Perfect Peace; Jennifer Cox Is Thrilled by Temples, Elephants and Great Restaurants as She Charts Sri Lanka's Heroic Recovery from Its Dreadful Civil War

Article excerpt

Byline: Jennifer Cox

NIGHT falls in the Sri Lankan hill kingdom of Kandy, but the intense heat of the day still radiates from the pavement as we shuffle barefoot behind chanting monks and pilgrims into the most holy Temple of the Tooth. Above us, bats flit across the sky and on the horizon a vast statue of Buddha glows in the light of the full moon, in a scene played out across the centuries.

But far from being stuck in a peaceful time-warp, the idyllic South East Asian island of Sri Lanka is undergoing far-reaching changes which make the country easier and more appealing to visit than ever before.

Nowhere is the change more apparent than in the capital, Colombo. This was traditionally the city you sped through on the way from the airport down to Sri Lanka's glorious beaches, or up to the ancient Cultural Triangle cities of Kandy, Polonnaruwa and Anuradhapura, with their magnificent jungle-set palaces and temples dating back 2,000 years.

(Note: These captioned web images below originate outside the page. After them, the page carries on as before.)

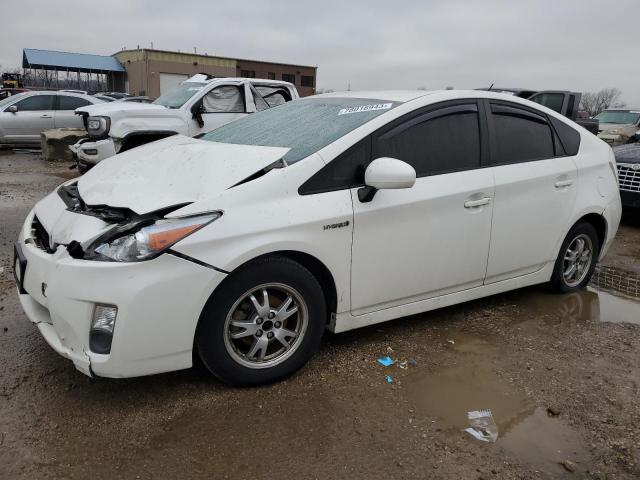 TOYOTA PRIUS 2011 with VIN JTDKN3DU3B5350088 - Photo from auction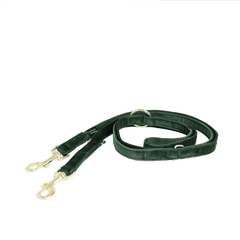 Kentucky Horsewear Dog Lead Velvet Black Size S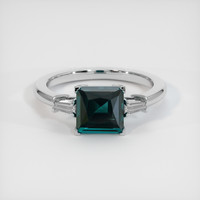 1.63 Ct. Gemstone Ring, Platinum 950 1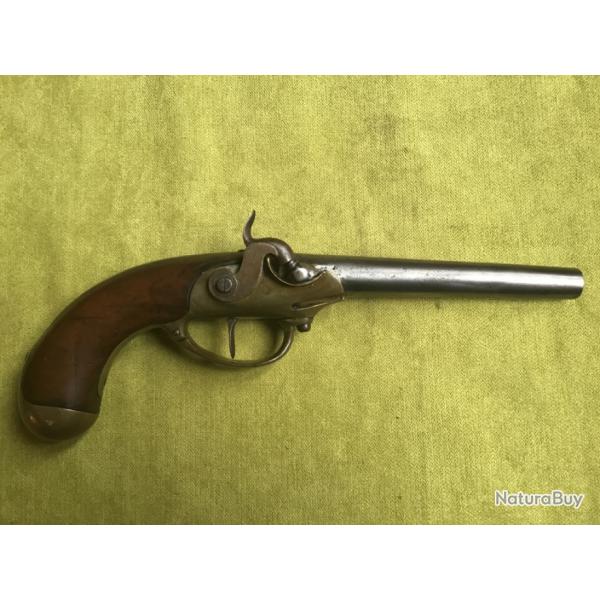 PISTOLET MODLE 1777 CANON RAY pice d origine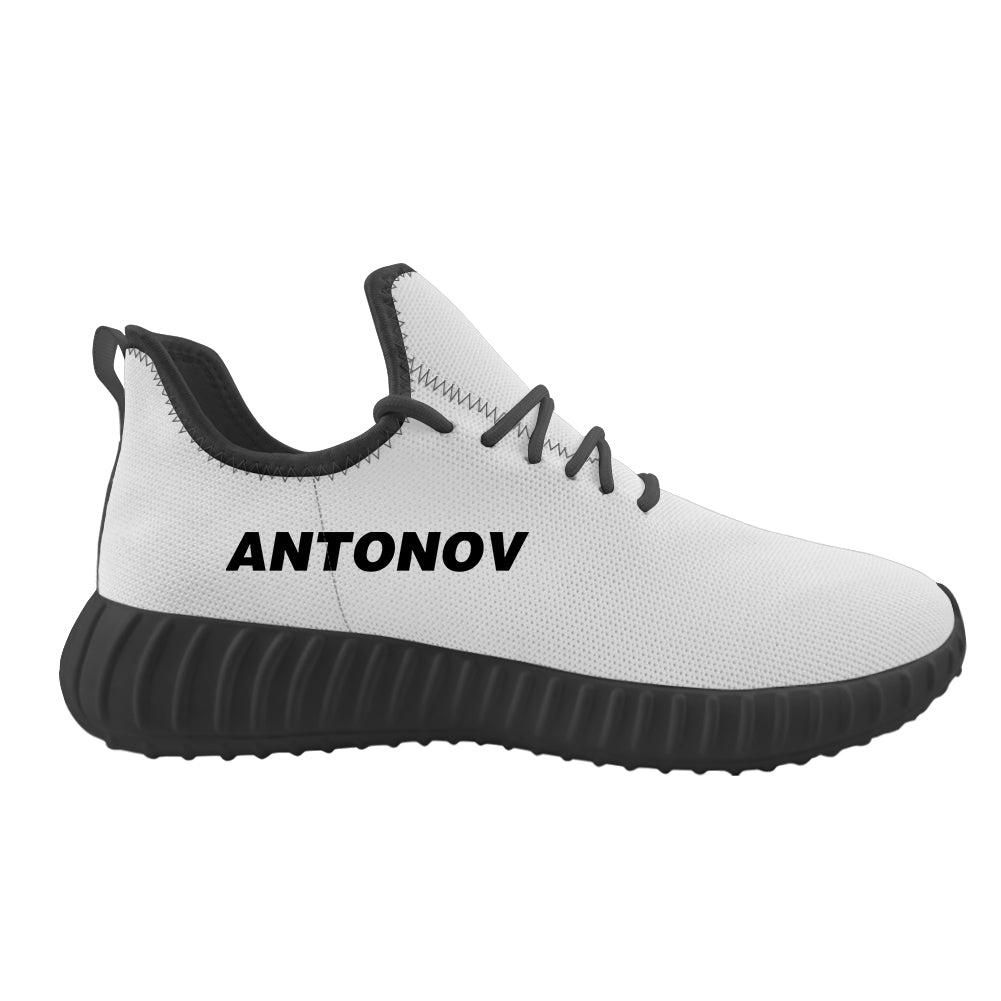 Antonov & Text Designed Sport Sneakers & Shoes (MEN)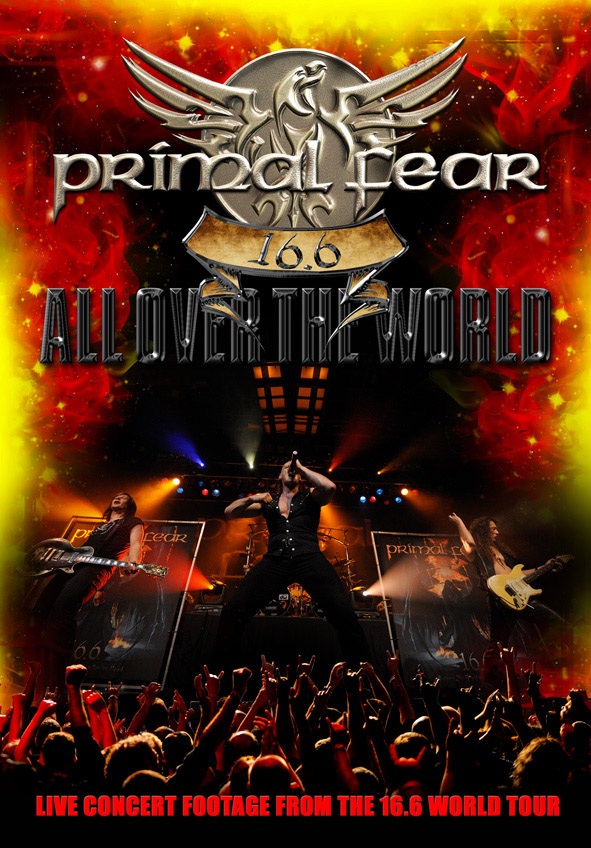 PRIMAL FEAR - 16.6 Live Around The World (DVD)
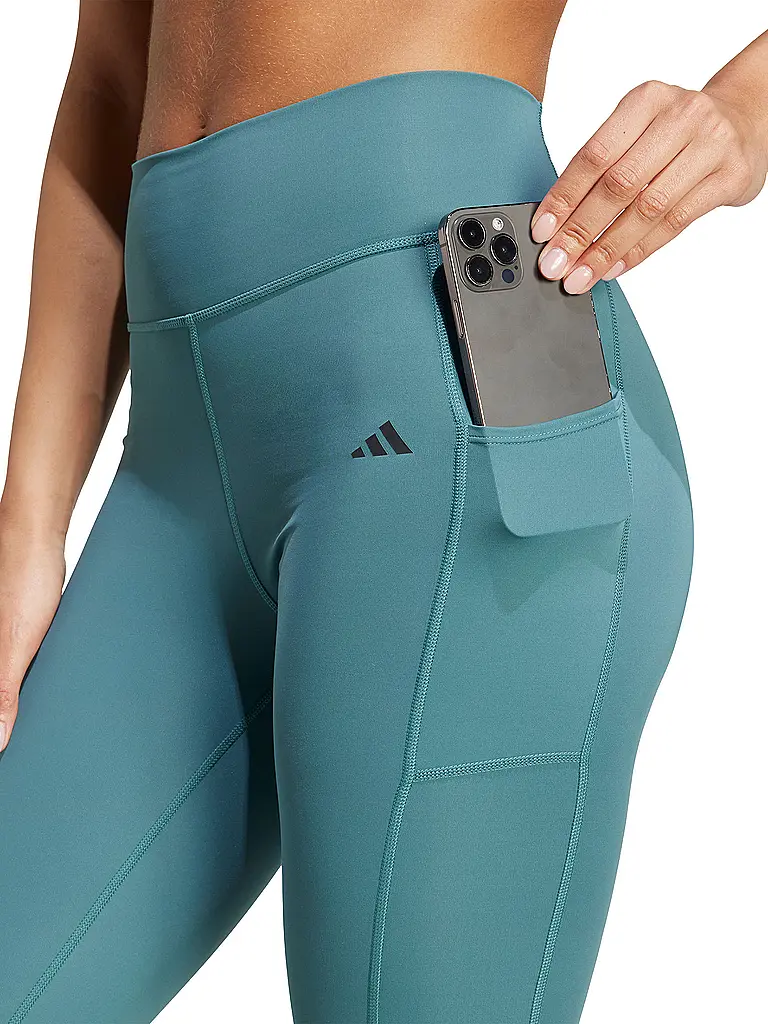 ADIDAS | Damen Fitnesstight Optime Stash 7/8 | 
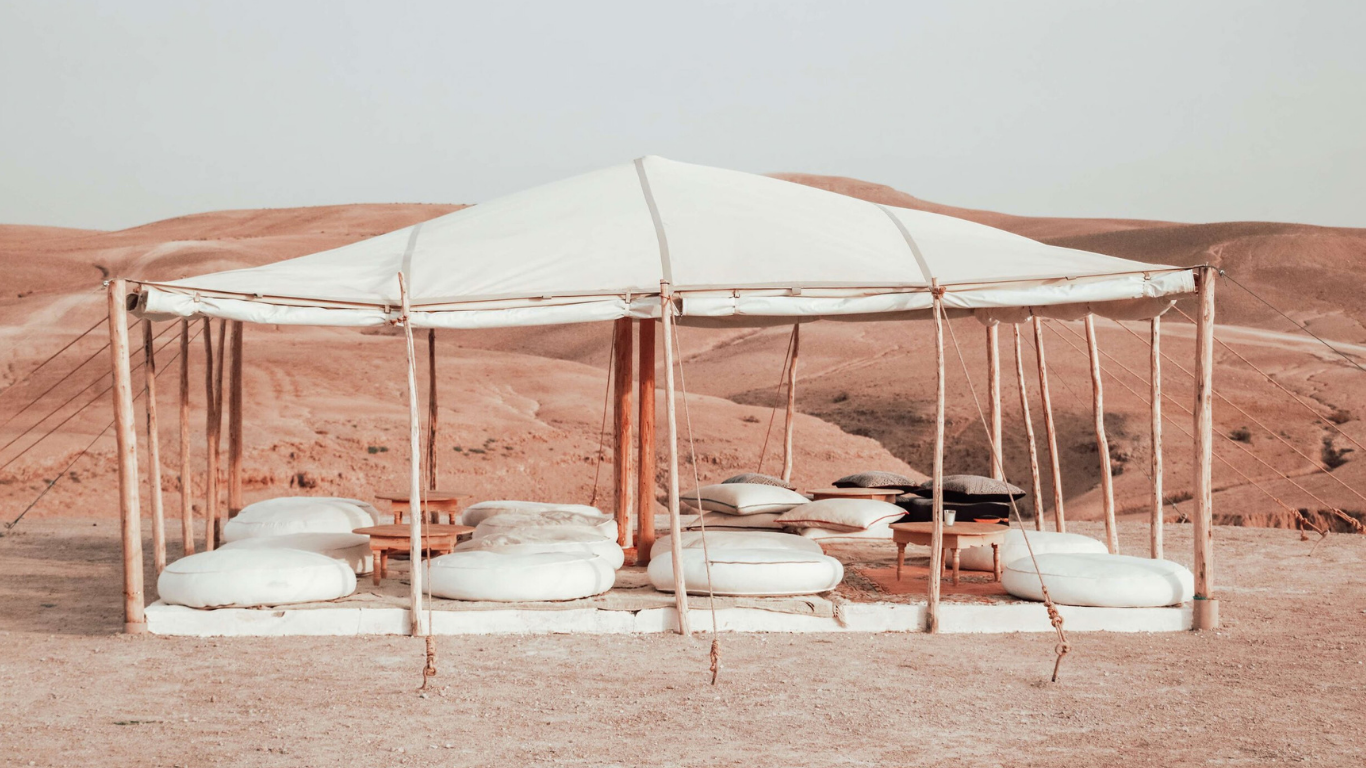 agafay sitting place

But these days Colombo is a destination in itself, as stylish restaurants, handsomely restored colonial buildings and lush parks are appearing across the city. The reason behind these changes is simple. Peace.

When Sri Lanka's 26-year civil war ended in 2009, a multi-billionpound modernisation programme was launched: upgrading the national road network; restoring long-neglected colonial buildings and opening a raft of new hotels.

This has seen visitor numbers double, and they are set to rise further still after a new British Airways service from Gatwick to Colombo launched earlier this year.

SET in the Indian Ocean between India and the Maldives, Sri Lanka is small - at 41,000 square miles, smaller than Ireland. But it boasts eight Unesco-listed sites, wildlife including elephants and leopards, picture-postcard beaches, and of course famed tea plantations.

And all are now easier to reach on the island's new network of roads.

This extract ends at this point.